§ 01
The Three-Way Handoff
A commercial lease involves at least three functional teams:
Leasing: Negotiates the deal terms. Creates the LOI. Knows what was agreed in conversation.
Legal: Drafts the document. Translates deal terms into legal language. Adds provisions the business didn't discuss.
Property Management: Administers the lease. Enters data into systems. Bills the tenant. Manages the relationship post-execution.
Each handoff is a translation. Each translation is an opportunity for error.
§ 02
The Translation Failures
Escalation Language
Leasing says: "5% annual escalation"
Legal drafts: "Base Rent shall increase by the greater of (a) five percent (5%) or (b) the percentage increase in CPI, not to exceed seven percent (7%)"
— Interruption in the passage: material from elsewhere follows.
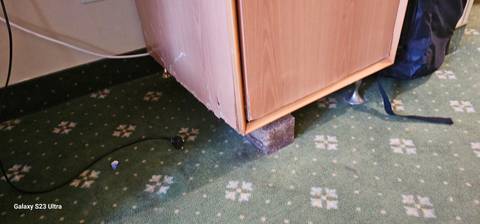 Poorly maintained furniture in a room, text watermark visible.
PM enters: "5% annual increase"
The problem: PM doesn't capture the CPI component or the 7% cap. When CPI exceeds 5%, tenant is underbilled. When CPI exceeds 7%, landlord claims more than entitled.
Expense Responsibility
Leasing says: "NNN deal"
Legal drafts: Modified gross with specific exclusions for capital improvements over $25,000 and management fees above 3%
PM enters: "NNN"
The problem: PM bills tenant for capital improvement that should have been excluded. Tenant disputes. Legal reviews lease. Hours spent on preventable issue.
Option Terms
Leasing says: "Two 5-year options"
Legal drafts: Options at "Fair Market Value, but not less than the Base Rent in effect at the end of the then-current term, determined by the process set forth in Exhibit D"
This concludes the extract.